» Try it
In the records below, some lines hold the word "filtr". Copy each of those lines.

» Information
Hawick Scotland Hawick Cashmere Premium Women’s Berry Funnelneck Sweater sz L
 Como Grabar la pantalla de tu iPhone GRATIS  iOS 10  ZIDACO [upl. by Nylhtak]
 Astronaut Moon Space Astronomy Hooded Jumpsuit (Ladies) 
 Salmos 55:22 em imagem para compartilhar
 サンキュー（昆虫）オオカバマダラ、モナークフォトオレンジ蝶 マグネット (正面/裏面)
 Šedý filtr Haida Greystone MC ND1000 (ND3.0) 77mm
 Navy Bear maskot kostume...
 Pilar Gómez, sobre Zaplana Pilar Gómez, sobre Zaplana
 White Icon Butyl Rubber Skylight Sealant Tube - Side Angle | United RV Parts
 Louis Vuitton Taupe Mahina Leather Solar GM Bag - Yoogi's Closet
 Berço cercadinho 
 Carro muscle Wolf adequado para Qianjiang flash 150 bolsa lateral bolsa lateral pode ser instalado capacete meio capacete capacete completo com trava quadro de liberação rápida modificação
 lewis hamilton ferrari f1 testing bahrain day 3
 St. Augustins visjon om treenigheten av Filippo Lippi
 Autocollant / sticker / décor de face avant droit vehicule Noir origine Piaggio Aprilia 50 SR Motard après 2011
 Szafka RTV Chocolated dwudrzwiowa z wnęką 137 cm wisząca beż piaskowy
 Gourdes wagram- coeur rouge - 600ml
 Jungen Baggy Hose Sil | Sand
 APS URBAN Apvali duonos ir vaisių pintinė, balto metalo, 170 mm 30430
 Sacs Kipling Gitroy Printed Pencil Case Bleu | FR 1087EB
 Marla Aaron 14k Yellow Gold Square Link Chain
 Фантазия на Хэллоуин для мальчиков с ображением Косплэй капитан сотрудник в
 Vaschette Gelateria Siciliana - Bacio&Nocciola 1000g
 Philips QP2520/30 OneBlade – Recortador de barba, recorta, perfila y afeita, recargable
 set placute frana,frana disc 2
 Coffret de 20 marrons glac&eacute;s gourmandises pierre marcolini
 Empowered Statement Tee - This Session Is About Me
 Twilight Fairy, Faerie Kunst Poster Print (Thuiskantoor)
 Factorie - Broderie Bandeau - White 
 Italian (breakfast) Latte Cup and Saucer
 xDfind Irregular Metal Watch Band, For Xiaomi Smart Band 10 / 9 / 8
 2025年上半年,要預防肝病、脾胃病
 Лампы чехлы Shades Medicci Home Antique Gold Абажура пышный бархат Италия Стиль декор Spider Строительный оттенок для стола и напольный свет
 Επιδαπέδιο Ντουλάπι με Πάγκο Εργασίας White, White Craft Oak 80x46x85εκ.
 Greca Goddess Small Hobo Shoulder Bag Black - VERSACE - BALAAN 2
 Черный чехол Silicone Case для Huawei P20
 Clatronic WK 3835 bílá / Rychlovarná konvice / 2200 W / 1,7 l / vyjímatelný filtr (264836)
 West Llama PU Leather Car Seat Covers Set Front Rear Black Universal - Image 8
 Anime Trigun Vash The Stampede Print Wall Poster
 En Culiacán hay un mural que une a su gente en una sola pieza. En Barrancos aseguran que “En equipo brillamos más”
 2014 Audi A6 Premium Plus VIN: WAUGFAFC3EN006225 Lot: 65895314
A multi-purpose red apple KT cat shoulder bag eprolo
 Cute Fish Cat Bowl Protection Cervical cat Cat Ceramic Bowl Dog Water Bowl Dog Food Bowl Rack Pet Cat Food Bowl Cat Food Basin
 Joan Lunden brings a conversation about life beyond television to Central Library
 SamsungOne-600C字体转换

» Output for this task
 Šedý filtr Haida Greystone MC ND1000 (ND3.0) 77mm
 Clatronic WK 3835 bílá / Rychlovarná konvice / 2200 W / 1,7 l / vyjímatelný filtr (264836)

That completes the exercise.